Though we may touch on this again with another post. Your land must produce something. Even if it is a barren wasteland, your land must produce something in order to survive. It can produce items in categories.

Food: Food is a great way to make money. A seafaring kingdom might produce fish. A landlocked kingdom with fertile soil will produce wheat, barley, rye and other things. All of this can be sold either in the kingdom or abroad, a portion of the trade of course going to the government’s treasury. Food is always a good trade scheme but be mindful that it is something that can falter or be easily destroyed.

Materials: Kingdoms will produce some semblance of a material. It could be stone for building, gold for decoration, sulphur to make gunpowder or flax for making clothes. Materials are always desired at home and abroad and if your kingdom produces the best or most of a certain material it will be famous for it. Like Sheffield steel or Italian leather.

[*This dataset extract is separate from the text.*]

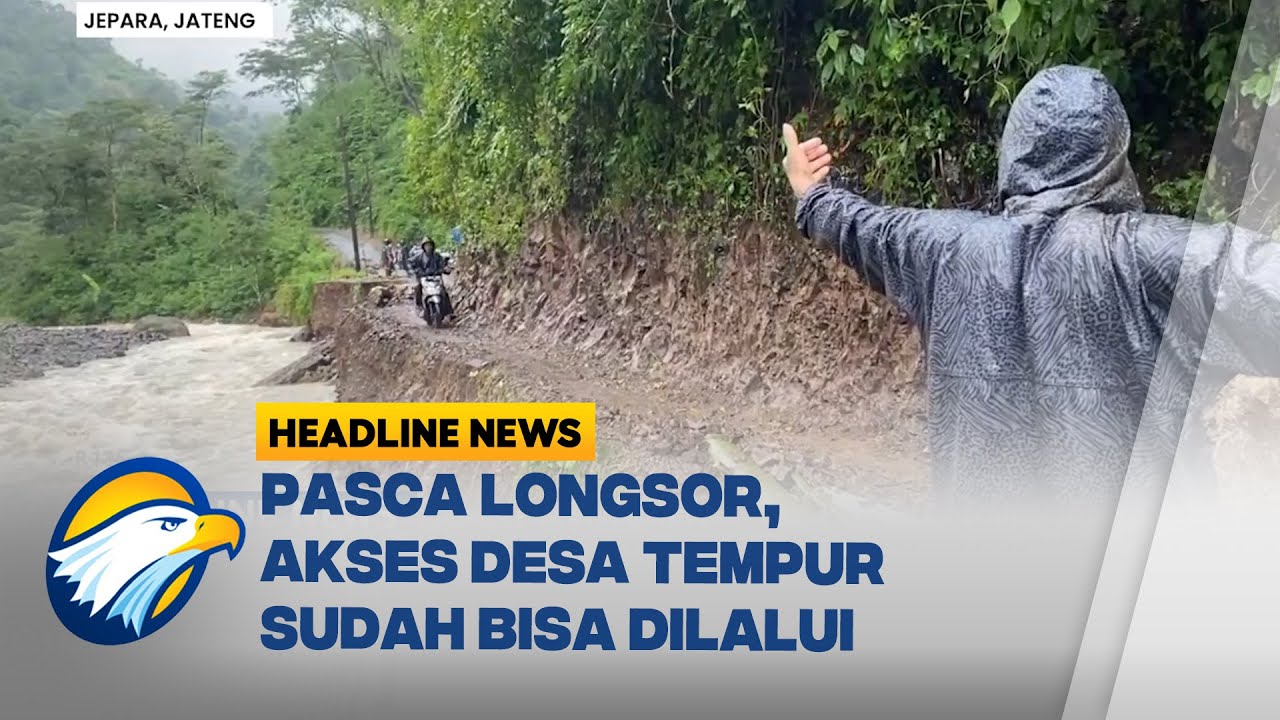 [HEADLINE NEWS, 13/01] Desa Tempur Jepara Kembali Bangkit Setelah Terisolir Akibat Longsor!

Skill: Sometimes people can be traded or their skills at least. A kingdom that sells a skill will be prized. Think of Sparta and their warriors, Athens and its wise men, Florence and its sculptors and painter or Japan and its software developers. A skill will enhance prestige on the world stage and give them a reputation.

Markets, Plazas and Agoras

Worldbuilding: Economy

When we talk about buying or selling, we often forget where this occurs. Every great city has a marketplace and every major town will have them. When you pinpoint where a character lives or where the story takes place, you should think of it’s economical value and status. Questions to ask yourself.

Home: Which city has the most power in the economy? Which costal areas are the major ports? Which city is the richest? How far do people have to travel to sell goods or buy them?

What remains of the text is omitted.